“Even merchants of morbidity are entitled to the full protection of the law for our sake as well as theirs.”

December 29th, 2010

Judge Rakoff (SDNY) found a New York City Law that would have forced “all bodegas and convenience stores to post gruesome images of diseased lungs, brains and teeth in the shops to discourage people from buying cigarettes” to be unconstitutional. The New York Times has more:

In a 13-page ruling, Judge Jed S. Rakoff of United States District Court in Manhattan wrote that while the law was well intentioned, it violated federal law since only the federal government had the authority to regulate cigarette warnings and advertisements.

The decision puts an end — at least for now— to the city’s plan to have the placards displayed beside cash registers in more than 11,000 establishments across the city. While awaiting Judge Rakoff’s ruling, the city had agreed that it would postpone enforcement of its rule until this weekend.

In his ruling, Judge Rakoff said that health officials had good reason to view smoking as a “public health threat,” citing smoking as the leading cause of preventable death in New York City and the rest of the country. “Within New York City, roughly 7,500 people die from smoking annually — more than from AIDS, homicide and suicide combined,” he wrote.

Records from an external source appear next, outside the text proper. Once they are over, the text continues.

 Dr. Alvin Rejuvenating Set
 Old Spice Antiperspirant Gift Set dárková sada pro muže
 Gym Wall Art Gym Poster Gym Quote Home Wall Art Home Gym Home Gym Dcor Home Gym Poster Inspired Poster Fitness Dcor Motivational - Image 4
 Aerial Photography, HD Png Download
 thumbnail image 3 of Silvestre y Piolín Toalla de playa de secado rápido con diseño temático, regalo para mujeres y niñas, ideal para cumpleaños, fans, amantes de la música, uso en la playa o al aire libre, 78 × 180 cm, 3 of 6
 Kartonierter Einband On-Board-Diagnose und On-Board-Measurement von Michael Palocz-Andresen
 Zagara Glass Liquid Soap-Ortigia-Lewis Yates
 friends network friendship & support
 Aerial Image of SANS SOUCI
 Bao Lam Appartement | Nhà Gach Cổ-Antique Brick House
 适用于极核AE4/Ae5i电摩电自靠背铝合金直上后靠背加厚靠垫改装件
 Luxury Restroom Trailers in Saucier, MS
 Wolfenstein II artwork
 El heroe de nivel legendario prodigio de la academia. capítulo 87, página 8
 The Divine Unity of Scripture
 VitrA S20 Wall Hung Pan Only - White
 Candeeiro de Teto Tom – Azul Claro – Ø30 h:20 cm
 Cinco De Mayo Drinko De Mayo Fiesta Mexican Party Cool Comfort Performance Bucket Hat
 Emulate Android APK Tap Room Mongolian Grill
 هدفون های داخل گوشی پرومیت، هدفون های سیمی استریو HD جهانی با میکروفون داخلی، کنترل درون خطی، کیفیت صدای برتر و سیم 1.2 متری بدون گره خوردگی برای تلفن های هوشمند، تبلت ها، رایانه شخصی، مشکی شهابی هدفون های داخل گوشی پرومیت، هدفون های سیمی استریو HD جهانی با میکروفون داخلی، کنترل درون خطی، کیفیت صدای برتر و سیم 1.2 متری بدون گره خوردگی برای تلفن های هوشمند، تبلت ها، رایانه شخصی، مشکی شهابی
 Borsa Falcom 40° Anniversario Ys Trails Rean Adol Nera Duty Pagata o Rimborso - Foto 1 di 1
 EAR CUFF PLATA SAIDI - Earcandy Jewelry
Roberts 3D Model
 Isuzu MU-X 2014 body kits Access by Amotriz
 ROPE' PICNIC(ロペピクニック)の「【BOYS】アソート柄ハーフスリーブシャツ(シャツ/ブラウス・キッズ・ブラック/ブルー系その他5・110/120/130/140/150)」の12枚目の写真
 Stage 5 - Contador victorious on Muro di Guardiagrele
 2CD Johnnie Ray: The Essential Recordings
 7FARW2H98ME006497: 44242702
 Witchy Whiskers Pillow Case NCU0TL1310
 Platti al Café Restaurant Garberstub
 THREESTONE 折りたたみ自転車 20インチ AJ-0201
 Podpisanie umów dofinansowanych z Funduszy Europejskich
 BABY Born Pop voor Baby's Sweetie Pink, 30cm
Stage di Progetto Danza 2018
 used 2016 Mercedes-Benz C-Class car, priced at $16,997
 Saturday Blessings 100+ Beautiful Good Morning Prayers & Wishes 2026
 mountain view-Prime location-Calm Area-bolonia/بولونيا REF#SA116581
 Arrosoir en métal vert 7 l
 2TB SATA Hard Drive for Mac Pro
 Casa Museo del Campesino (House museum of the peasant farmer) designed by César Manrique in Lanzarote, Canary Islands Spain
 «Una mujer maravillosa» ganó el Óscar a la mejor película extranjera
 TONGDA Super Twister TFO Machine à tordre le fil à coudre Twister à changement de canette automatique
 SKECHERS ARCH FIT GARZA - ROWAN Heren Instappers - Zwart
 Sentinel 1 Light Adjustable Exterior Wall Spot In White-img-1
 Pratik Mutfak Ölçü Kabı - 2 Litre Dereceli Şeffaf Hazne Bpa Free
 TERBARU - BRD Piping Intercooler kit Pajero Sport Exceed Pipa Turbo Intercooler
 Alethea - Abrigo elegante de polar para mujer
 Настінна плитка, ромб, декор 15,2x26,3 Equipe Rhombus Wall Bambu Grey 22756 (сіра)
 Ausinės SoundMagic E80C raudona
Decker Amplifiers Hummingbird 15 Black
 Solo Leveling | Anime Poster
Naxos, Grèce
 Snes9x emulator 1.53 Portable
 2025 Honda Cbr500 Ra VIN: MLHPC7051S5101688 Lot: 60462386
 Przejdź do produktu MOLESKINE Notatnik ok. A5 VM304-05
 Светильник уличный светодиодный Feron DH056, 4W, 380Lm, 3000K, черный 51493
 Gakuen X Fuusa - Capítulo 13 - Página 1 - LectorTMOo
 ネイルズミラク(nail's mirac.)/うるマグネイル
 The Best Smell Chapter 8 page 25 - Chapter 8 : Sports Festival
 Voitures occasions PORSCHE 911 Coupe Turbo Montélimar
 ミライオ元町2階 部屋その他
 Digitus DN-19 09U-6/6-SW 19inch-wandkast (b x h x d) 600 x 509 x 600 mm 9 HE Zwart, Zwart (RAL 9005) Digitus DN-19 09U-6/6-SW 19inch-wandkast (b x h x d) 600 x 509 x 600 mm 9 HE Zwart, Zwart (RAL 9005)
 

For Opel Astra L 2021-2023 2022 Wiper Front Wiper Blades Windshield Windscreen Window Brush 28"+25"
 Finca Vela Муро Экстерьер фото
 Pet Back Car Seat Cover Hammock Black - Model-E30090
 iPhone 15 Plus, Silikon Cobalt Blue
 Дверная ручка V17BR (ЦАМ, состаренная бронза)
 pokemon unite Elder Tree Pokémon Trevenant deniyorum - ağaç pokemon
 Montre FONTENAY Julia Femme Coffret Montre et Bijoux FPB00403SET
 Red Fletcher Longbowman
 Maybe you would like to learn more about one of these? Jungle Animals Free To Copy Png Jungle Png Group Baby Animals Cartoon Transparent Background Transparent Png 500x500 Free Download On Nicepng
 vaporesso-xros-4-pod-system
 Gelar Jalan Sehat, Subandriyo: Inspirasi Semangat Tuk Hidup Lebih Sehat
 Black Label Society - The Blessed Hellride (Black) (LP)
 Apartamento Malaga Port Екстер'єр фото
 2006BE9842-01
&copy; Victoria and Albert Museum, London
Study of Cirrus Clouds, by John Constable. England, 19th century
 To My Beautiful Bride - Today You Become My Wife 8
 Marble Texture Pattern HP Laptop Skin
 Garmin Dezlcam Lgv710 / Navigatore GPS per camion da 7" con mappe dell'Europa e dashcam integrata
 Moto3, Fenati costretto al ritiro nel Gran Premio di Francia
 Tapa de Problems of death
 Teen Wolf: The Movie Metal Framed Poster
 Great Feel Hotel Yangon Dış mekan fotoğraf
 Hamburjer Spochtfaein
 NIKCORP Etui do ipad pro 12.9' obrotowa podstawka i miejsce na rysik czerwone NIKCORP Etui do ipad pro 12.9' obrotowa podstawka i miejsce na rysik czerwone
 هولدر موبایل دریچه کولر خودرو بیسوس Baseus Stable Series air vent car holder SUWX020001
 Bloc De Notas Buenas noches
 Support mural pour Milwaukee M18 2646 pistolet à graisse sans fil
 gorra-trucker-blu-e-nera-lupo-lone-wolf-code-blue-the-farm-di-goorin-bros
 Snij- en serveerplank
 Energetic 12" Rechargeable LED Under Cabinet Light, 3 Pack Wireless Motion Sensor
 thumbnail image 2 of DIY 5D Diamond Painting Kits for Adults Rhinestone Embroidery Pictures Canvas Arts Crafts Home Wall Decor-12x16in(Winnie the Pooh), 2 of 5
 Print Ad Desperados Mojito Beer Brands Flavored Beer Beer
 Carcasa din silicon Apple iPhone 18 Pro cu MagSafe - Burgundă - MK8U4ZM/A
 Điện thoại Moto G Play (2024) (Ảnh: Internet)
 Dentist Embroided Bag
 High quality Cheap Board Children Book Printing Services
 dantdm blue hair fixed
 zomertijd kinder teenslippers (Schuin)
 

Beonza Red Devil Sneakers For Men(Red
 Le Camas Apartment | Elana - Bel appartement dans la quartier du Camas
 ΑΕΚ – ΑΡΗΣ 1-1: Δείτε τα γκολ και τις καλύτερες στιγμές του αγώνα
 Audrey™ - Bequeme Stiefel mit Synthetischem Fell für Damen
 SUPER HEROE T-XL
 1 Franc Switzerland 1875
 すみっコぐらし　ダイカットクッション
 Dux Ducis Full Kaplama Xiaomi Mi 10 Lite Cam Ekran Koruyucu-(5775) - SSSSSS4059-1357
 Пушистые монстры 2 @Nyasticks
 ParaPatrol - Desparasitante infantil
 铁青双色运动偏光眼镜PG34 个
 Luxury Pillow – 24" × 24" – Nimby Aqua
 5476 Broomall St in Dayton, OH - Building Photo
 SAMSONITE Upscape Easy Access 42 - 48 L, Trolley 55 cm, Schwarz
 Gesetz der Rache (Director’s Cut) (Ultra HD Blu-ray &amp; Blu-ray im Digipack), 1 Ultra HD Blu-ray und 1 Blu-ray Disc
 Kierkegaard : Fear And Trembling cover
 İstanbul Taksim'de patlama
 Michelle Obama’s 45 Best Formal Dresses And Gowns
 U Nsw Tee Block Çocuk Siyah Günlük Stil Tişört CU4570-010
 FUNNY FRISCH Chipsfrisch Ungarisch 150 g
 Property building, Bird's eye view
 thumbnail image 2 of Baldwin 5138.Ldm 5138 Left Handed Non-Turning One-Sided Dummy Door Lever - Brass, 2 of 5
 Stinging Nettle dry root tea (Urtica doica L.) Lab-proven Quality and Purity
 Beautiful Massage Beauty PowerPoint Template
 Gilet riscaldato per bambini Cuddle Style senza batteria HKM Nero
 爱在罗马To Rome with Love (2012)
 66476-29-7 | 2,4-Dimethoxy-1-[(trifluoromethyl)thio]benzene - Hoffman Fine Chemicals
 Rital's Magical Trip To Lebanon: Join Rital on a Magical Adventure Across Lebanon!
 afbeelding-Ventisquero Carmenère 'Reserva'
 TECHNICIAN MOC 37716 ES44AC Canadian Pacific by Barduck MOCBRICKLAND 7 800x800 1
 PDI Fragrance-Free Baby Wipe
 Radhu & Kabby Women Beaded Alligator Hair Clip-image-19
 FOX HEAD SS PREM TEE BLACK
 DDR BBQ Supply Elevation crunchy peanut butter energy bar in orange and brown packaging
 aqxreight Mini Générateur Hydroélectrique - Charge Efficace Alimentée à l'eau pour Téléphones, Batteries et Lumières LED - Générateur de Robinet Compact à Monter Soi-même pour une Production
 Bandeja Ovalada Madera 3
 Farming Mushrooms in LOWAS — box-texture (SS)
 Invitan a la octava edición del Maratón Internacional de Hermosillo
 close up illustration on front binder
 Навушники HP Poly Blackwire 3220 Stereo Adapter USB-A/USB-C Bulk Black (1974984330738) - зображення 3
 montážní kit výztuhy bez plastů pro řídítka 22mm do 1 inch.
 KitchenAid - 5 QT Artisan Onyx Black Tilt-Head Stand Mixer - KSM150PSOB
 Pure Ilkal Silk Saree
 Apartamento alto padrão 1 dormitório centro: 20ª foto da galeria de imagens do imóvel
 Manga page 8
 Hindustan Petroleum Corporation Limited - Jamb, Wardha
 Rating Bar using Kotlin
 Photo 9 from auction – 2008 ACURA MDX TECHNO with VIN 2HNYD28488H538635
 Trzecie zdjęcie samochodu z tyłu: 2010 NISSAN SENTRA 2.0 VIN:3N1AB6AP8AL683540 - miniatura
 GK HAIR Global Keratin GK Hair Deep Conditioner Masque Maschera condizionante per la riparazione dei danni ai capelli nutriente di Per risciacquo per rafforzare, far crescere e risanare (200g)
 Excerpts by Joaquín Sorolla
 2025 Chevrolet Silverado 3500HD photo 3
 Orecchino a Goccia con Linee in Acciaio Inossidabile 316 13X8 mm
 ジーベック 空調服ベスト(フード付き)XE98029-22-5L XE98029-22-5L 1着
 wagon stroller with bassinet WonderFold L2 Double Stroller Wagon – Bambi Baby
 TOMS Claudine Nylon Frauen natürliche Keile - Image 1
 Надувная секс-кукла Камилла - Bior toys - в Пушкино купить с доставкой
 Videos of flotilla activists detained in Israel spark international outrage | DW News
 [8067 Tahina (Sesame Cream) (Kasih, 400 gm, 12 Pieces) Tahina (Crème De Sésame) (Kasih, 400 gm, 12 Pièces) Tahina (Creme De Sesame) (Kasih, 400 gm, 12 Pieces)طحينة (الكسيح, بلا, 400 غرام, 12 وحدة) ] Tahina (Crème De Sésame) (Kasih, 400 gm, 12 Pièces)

But Judge Rakoff also cited a federal law enacted in 1965, the Labeling Act, which gave the federal government exclusive authority over cigarette warnings. That law, he wrote, seeks to balance public and commercial interests: the federal government protects the public, but also sets clear and uniform cigarette regulations that protect “commerce and the national economy.”

I just like the turn of phrase “merchants of morbidity.”